“She put her nose in a bed of English Ivy and screamed. Not just a yelp, but screamed,” Spangler said.
She quickly brought Levi and her own dog inside to check what happened.
“She had blood all over her nose, so I cleaned it off and I could see a little mark. Not bad, but her nose was already starting to swell,” Spangler recalled.
Spangler brought Levi to the veterinarian, who said they believed the 11-year-old border collie was bitten by a copperhead. A day later, Spangler called Bryan Smith, the owner and operator of Advanced Wildlife Removal L.L.C to inspect her property. While the snake had since slithered away, Smith said he’s been fielding a lot of similar calls.
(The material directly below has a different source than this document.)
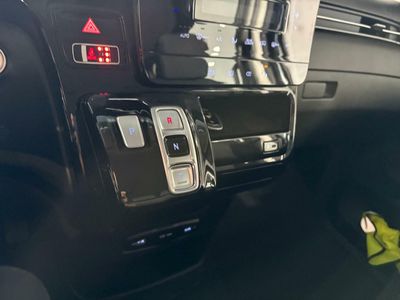 Hyundai Staria 2.2 CRDI Maxx 9S 9 PLAZAS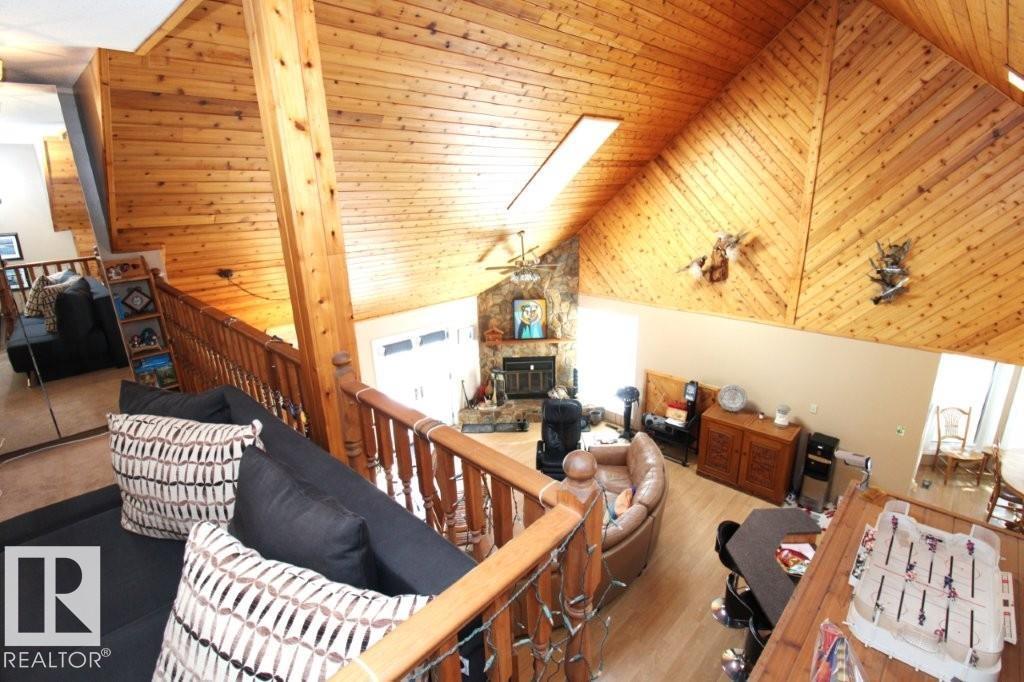 Photo 3 of 6333 49 St, Rural Wetaskiwin County AB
“Very busy. Been the most snake calls, snake problems, snake interactions we’ve seen,” Smith said.
He said he believes the boom in construction and homebuilding could be playing a role in increased sightings.
“It seems like the last two summers, spring’s and summer’s and fall’s even have been more problematic. But that goes hand in hand with them losing habitat and all of the construction and development that’s around. They don’t have much habitat left in this area. So they’re moving around. We’ve got Crabtree Creek, we’ve got a lot of rocks in the Laurel Hills, North Hills area, and people are moving around and displacing them from places they had been,” Smith said.
Smith suggested people clear brush, wood, and rock piles from the yards, suggesting people cut their grass shorter. Fringes of yards, especially if it’s near plants, bushes, and trees, as well as crawlspaces, are common places where snakes linger.
“People are gardening, they’re moving stuff around, they’re working in the yard. The dog plays with them, smells them, and that’s when those accidents happen. But for the most part, most run-ins are going to be six, seven, eight o’clock at night. People going out for a walk, coming from their car to their front door, something like that because that’s when those snakes are moving for the night,” Smith explained.
He notes that while there are several types of snakes in the area, copperheads are the main concern. If your animal is bitten by one, seek veterinary care immediately.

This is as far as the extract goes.